Le site internet du journal Le Devoir compile le nombre de textes qui ont été écrits au sujet du projet de charte qui tapisse les pages d’opinion de nos journaux depuis la fin de l’été. En date du 5 février, on en dénombre 579. C’est beaucoup de mots pour très peu d’avancements dans le débat. Il est navrant de constater qu’on répète les mêmes choses de part et d’autre semaine après semaine, qu’on soit incapable d’avoir des échanges dans lesquels on s’écoute et on se répond.
Bien entendu, les débats portant sur des questions fondamentales comme celle-ci divisent les gens. La stagnation des échanges à laquelle on assiste depuis des semaines n’est pourtant pas une fatalité.
Il y a un moment dans une discussion où tout a été dit, où l’on ne fait que lancer à notre adversaire la même boule de neige qu’on vient de recevoir. À mon avis, c’est parce qu’on se fait une idée erronée de la position de l’autre qu’on en arrive si souvent à des culs-de-sac dans les grands débats de société.
Par exemple, des gens soucieux de préserver l’identité québécoise, d’une menace réelle ou imaginaire, sont taxés de racisme et de xénophobie. Et ceux qui pensent que l’interdiction du port de signes religieux nuirait à l’intégration des immigrants sont mous, colonisés ou pire, trahissent leur peuple. On s’enferme dans notre interprétation du discours de l’autre, et voilà un 580e texte à propos de la charte qui s’ajoute aux autres!
Le rôle de nos universités ?
La même chose pourrait être dite à propos de la question du rôle que doit avoir l’université en cette ère d’anxiété budgétaire. Dans la dernière édition de Quartier Libre, mon collègue Dominique Cambron-Goulet déplorait avec raison le fait que, de plus en plus, la vocation des universités change pour s’adapter aux besoins des entreprises. Il reprenait l’argument selon lequel l’université doit fournir des connaissances qui feraient de nous des citoyens avisés ayant un esprit critique.
Malheureusement, dans ce débat, certains imaginent encore les universitaires comme des « pousseux » de crayons qui se cassent la tête à propos d’un obscur sujet de recherche qui n’intéresse qu’eux. De l’autre côté, ces mêmes universitaires, sur la défensive, crient à la marchandisation du savoir, à une université qui ne sert qu’à nourrir la bête gloutonne du marché.

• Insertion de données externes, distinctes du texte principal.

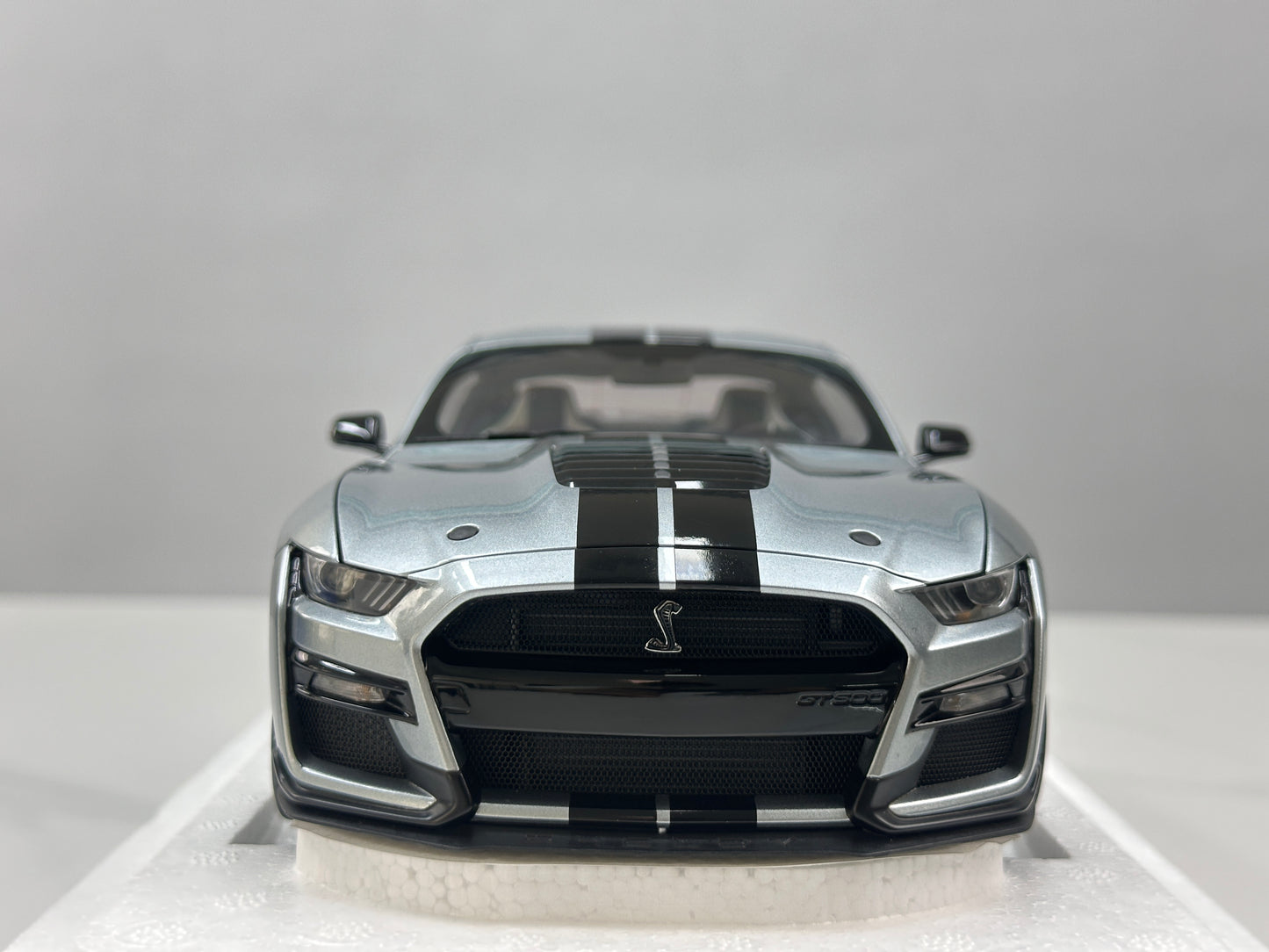 AUTOart 1/18 Ford Mustang Shelby GT500 Silver 73096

Or, ne faudrait-il pas reconnaître qu’il existe plus d’une conception du rôle que doivent jouer les universités ? Elles ont toujours constitué un tremplin permettant d’acquérir des compétences en vue de décrocher un emploi, comme c’est le cas de ceux qui poursuivent des études en médecine ou en droit.
Il faudrait aussi garder en tête que les universités québécoises, jusqu’à nouvel ordre, permettent encore aux étudiants de choisir les disciplines qui les passionnent, qu’elles répondent ou non aux besoins du marché.
Aux États-Unis, les frais de scolarité prohibitifs empêchent les étudiants de faire les choix qu’ils veulent. Ce n’est pas le cas ici. Du moins, pas encore. On continuera de débattre dans les années à venir pour préserver l’université qu’on veut. Espérons que nous saurons ne pas diaboliser nos adversaires pour éviter une nouvelle bataille de boules de neige.